Statta atmosferi yaşadım. 2-2'yi bulunca tribüne gelen o parıltı ve coşku 3-2'de katmerli kâbusa dönüştü. Sonuçta bu statta kupa kaybetmeye alışık olmayan bir kitle çok büyük bir hayal kırıklığı ile ayrıldı. 

Öteki tarafta ise 90+4 golüne kadar bitmeyen bir istek gördük. Beşiktaş inanılmaz arzuluydu. Gerçek anlamda kayıp bir sezonun finalinde tüm varlığıyla asıldılar bu kupaya. Fizikten öte mental direnci hiç kırılmadı. 

OYUNCU BAZLI VASATLIK

Sezon boyunca gördüğümüz o kırılgan Beşiktaş geriye düştüğü halde hiçbir bölümde kopmadı. Trabzonspor'da tek tek bakıldığında oyuncu bazlı vasatlık sanki final maçını beklemiş gibiydi. Visca, Meunier, Berat, Umut Güneş, Fountas hatta zaman zaman Uğurcan...İnanılmaz siliklerdi. Canını dişine takan bir Onuachu vardı sanki.

 

2.01’lik boyuyla kendi yarı sahasından alev almaya başlayan ve topu 80 metre Beşiktaş ceza sahası içine kadar sürüp bir de aşırtma vuruşla golü atan Onuachu ateşi daha ilk anda Trabzon tribünlerine vermişti. Ayak uyduran olmadı ona.

Beşiktaş golü yedikten sonra daha agresif oynamaya başladı. Merkezi kapatan ve geriye yaslanıp bekleyen Trabzonspor'a kenar hücumlarıyla yüklendi ve iyi fırsatlar da buldu. Uğurcan 45'e kadar çok net 2 kurtarışla ilk yarıyı tuttu aslında ama Beşiktaş 'geliyorum' diyordu zaten. Ghezzal'ın penaltı golü içeriye girerken Beşiktaş için maçı yeniden başlattı. 
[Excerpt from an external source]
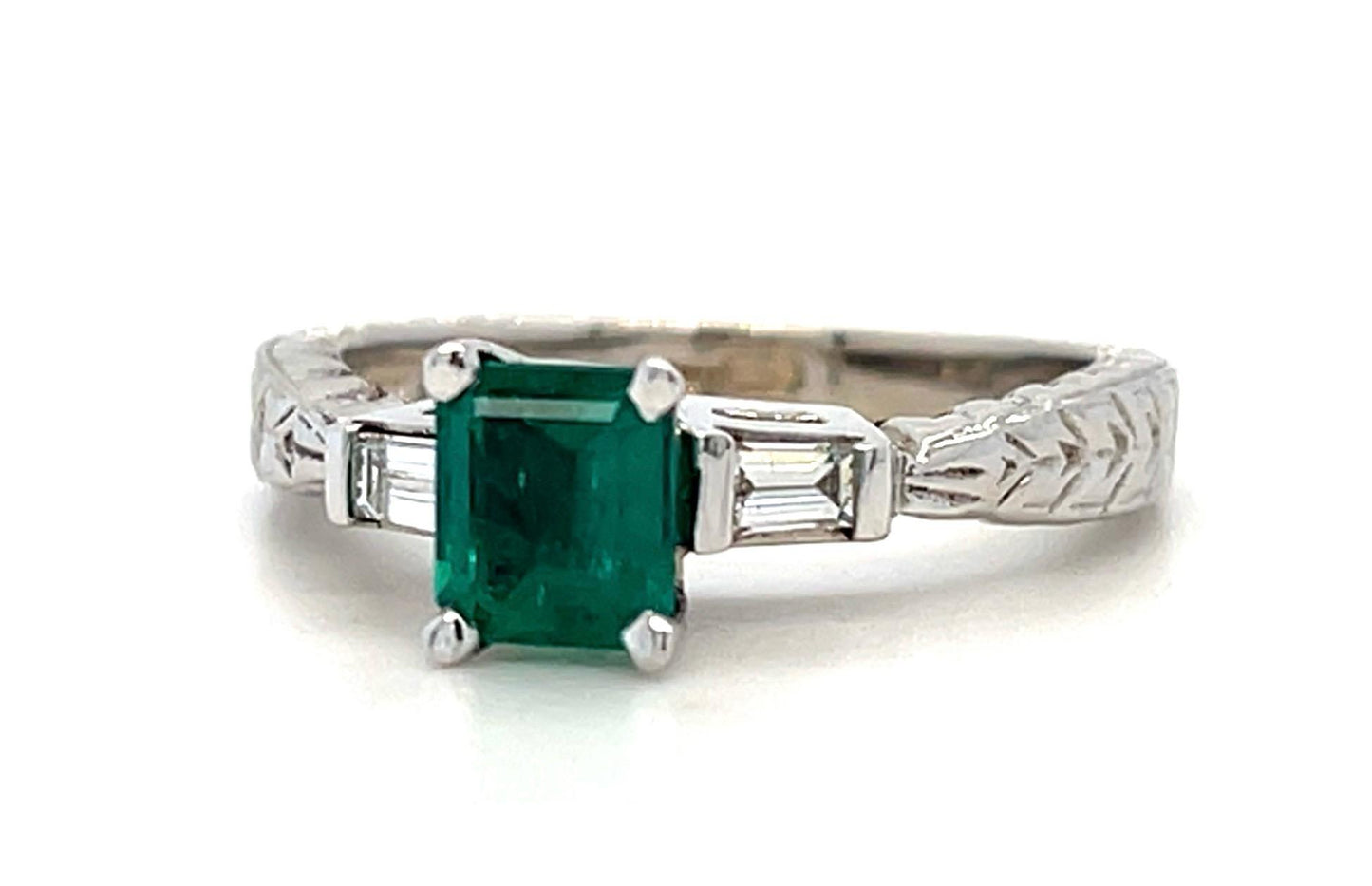 .82ct Emerald .18ct Diamond 14KW Ring 4.40g 6.50 Size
Rüzgarı arkasına alan Beşiktaş set hücumunu aynı şekilde devam ettirdi. Abdullah Avcı'nın tercih ettiği orta saha kurgusu anlamsız şekilde rakibi dipte karşılamaya devam edince derin koşular atan Salih Uçan doğru zamanda doğru yerde golle buluştu.  

2 ÖNEMLİ KIRILMA ANI

70'e kadar iki tane kırılma anı var. Beşiktaş'ın direkte patlayan topu maçı bitirebilirdi. Trabzonspor'un direkten dönen topu ise daha erken bir reaksiyon bulup maçı çevirme fırsatı yaratabilirdi. Sonra 89'da fırsat Trabzon'un kapısını bir daha çaldı. Pepe golü ile 2-2'ye gelmesi bana göre şans. Abdullah Hoca normal olarak işi uzatmaya götürmek için içeriye çok fazla hücumcu atmış oldu o dakika ve gafil avlandı.

DAHA İYİ BİR SON OLAMAZDI

Mutlaka içeride bu kadar fazla hücumcu varken uzatma bölümü için kafasında bir plan vardı ama Al Musrati ışıkları kapattı. Zihinsel olarak sahada olan bir takım 2-2'yi de bulmuşken o topu bir şekilde uzaklaştırırdı ama başaramadı Trabzon. Mental güç tükenişini orada gördük. Asist oldu resmen. Musrati de müthiş vurdu topa ve kupayı söküp aldı. Beşiktaş 6 hoca değiştirdiği sezonu kupayla kapatıp Avrupa'da play-off'u da cebe koydu. Daha iyi bir son olamazdı.

Trabzonspor ise Abdullah Avcı ile çok başka bir hikaye yazma fırsatını itti. Bu finali alabilse tarihi bir konumda olacaktı. İki taraf için de yıkıcı. Avcı'ya olan güven de kırılma yaşadı artık. Gelecek sezonun planları da yönetim işbirliği ile hoca üzerinden yapılmıştı ama kaçan bu balık yeni bir kriz doğurur. Homurtu başlar içeride. Camiayı az çok tanıyoruz. Şehrin bu dramatik kayıpla tölerans seviyesi çok düştü.

Günün sonunda bu final kaybedene kara zindan, kazanana gül bahçesinin yolunu gösterecek.